**DESCRIPTION OF THE TASK:**
From the data below, set down exactly the lines between the one holding "Hop Skip and" and the one holding "Doppelkaffeetasse aus Glas", inclusive, and no others.

**EXERCISE INPUTS:**
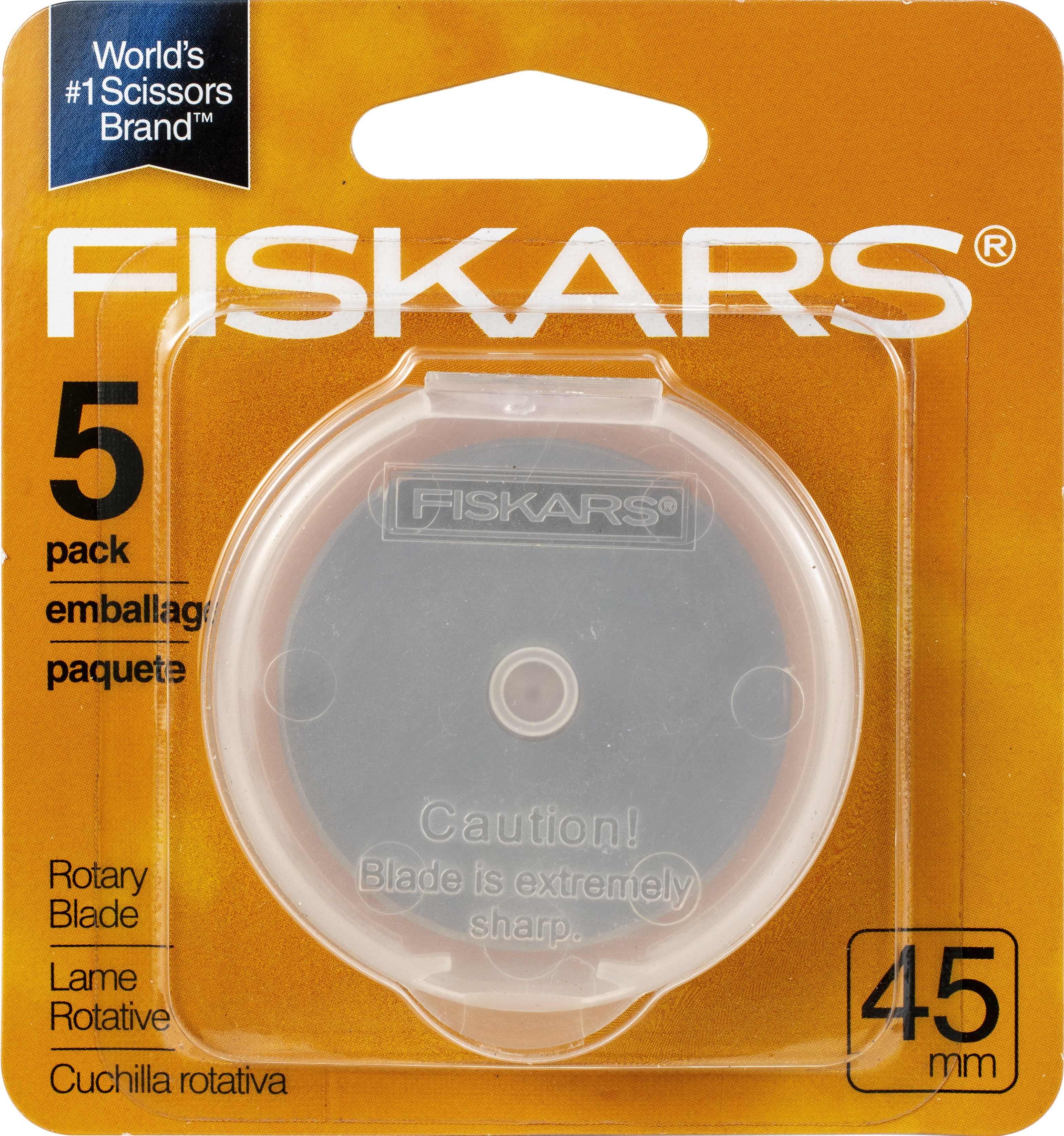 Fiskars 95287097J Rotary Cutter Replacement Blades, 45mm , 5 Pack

==

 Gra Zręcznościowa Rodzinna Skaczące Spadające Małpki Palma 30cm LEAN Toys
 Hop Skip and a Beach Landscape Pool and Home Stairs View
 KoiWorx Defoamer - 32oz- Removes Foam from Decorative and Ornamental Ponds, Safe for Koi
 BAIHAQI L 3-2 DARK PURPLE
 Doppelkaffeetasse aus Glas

**THE COMPLETED TASK:**
 Hop Skip and a Beach Landscape Pool and Home Stairs View
 KoiWorx Defoamer - 32oz- Removes Foam from Decorative and Ornamental Ponds, Safe for Koi
 BAIHAQI L 3-2 DARK PURPLE
 Doppelkaffeetasse aus Glas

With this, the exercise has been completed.